------ SUPPLIED DATA ------
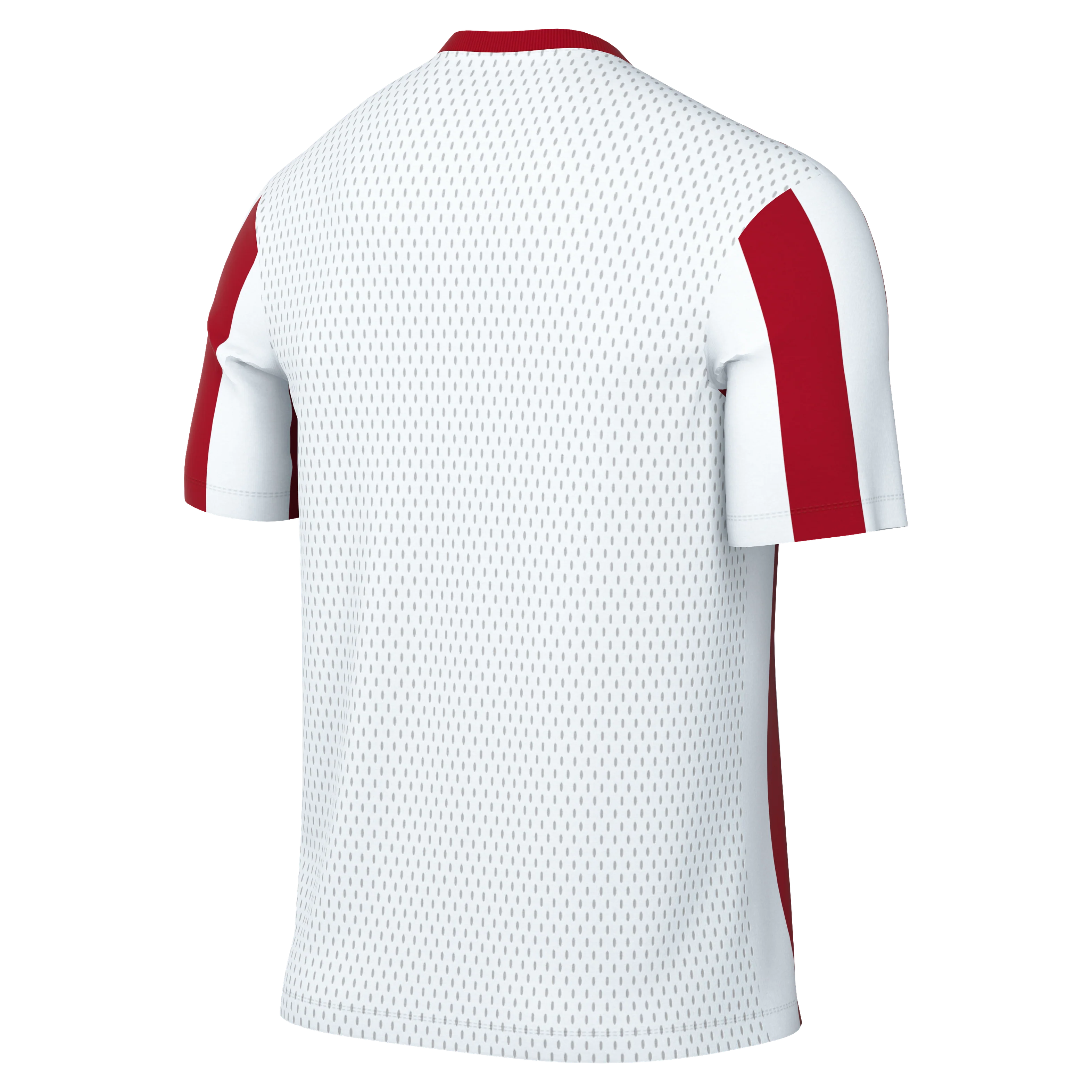 Nike Striped Division V Men's Dri-FIT Jersey 2025 - Image 14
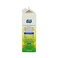 Dandy Lemon and Mint Juice 1L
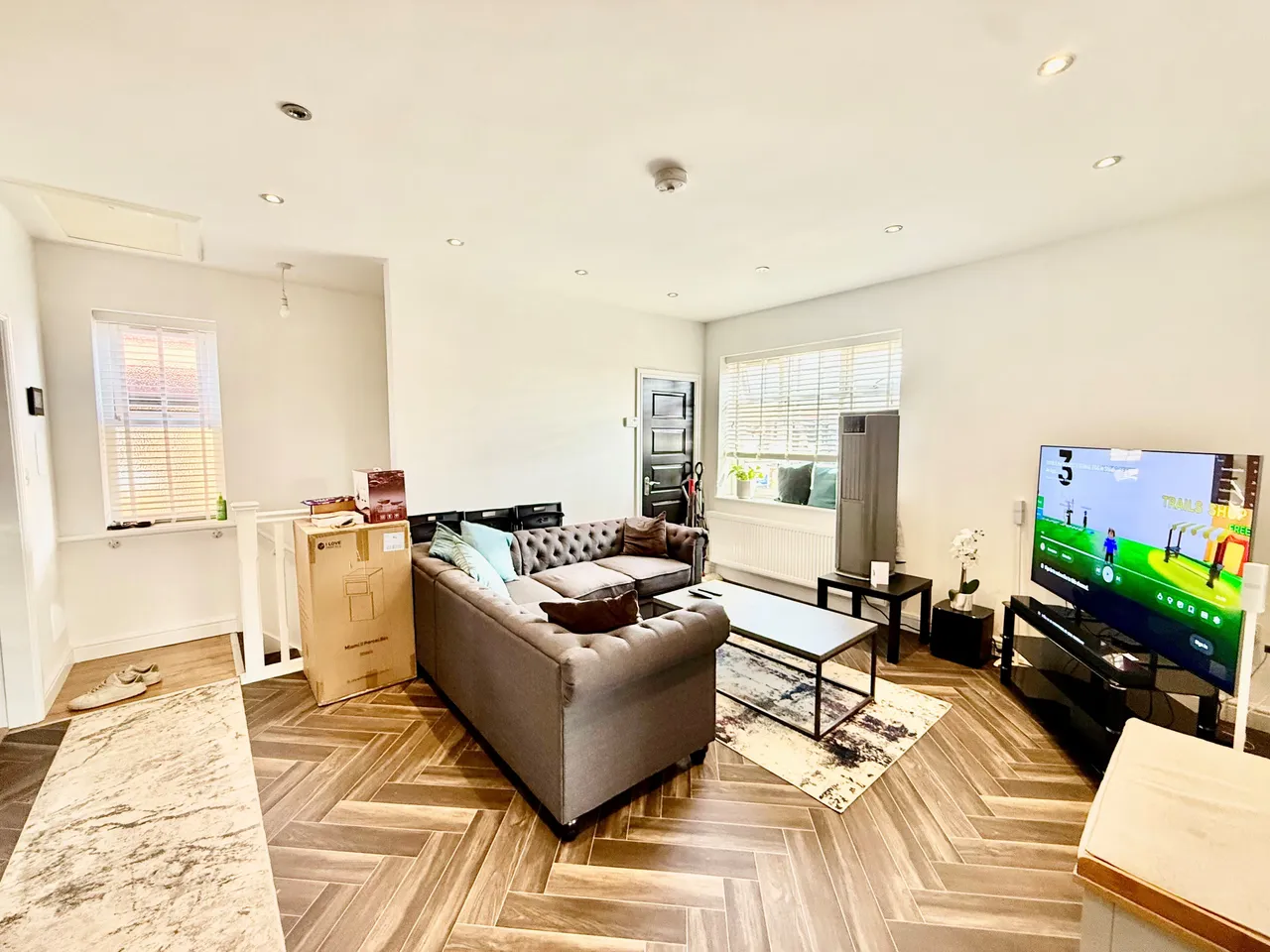 Stapleford Lane, Toton, NG9, photo 3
------
WHAT THIS TASK INVOLVES
An exact copy of the listing is needed, minus its pictures.

OUTPUT
 Nike Striped Division V Men's Dri-FIT Jersey 2025 - Image 14
 Dandy Lemon and Mint Juice 1L
 Stapleford Lane, Toton, NG9, photo 3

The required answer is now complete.